A/N: So here's the second and last chapter of this fic. I don't know if it's very enjoyable, because it is quite angsty, but I hope you like it, anyway!
Marcus was always a character I felt fascinated by ever since I read his story. And then I wondered – what would his reaction be to Edward coming to Volterra? I remember Aro saying something about Marcus being surprised about the bond between Edward and Bella (though I left that out here), and my imagination just came up with THIS. I also thought about how Marcus does not want to kill Renesmee in Breaking Dawn, and I was very intrigued.
So this is probably during the Eclipse time.
Another note: I was heavily inspired by the beautiful tune When The Love Falls by Yiruma when I wrote this.
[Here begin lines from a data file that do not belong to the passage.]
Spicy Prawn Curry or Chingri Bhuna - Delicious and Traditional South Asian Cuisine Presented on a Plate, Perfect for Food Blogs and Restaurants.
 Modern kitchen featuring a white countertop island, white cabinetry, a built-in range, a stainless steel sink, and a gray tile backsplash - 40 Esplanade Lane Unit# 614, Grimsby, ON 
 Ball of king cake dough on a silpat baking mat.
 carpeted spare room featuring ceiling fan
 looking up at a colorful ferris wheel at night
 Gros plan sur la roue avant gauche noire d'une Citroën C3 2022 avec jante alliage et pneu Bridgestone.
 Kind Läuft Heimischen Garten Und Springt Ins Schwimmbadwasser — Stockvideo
Seriously, that is beautiful. If you haven't listened to it, you should now! In fact, the whole album, First Love, is awesome.
Another inspirational song was Gravity by A Perfect Circle. The words describe Marcus very well, I think.
Enjoy!
The cathedral was empty, save for Aro and I. The ceiling sloped higher and higher above me, the domes of bright stained glass, until they joined together many feet high. I was surrounded by the the glass with the bright colors, intricate designs, and the large portraits and paintings of our ancestry, of our city, of our history, of our followers.
I was surrounded by our majesty.
But what did majesty concern me? It had always been the same for me, everything – all the same, for the past century. Since the day I had stayed out, to wet myself in the monsoon, to wash myself off the images. That was a memory I could remember for all time, but never exactly experience. In truth, there were no memories that I could really experience now. Just watch apathetically, like one might watch a documentary that caused them no concern. It was just the result of something that had happened to me, the result of which had caused me emotions and feelings that I did not wish to feel. But if I did not wish to feel that, I was left with feeling nothing. The consequence of a desire ... a consequence that I endured without much ado.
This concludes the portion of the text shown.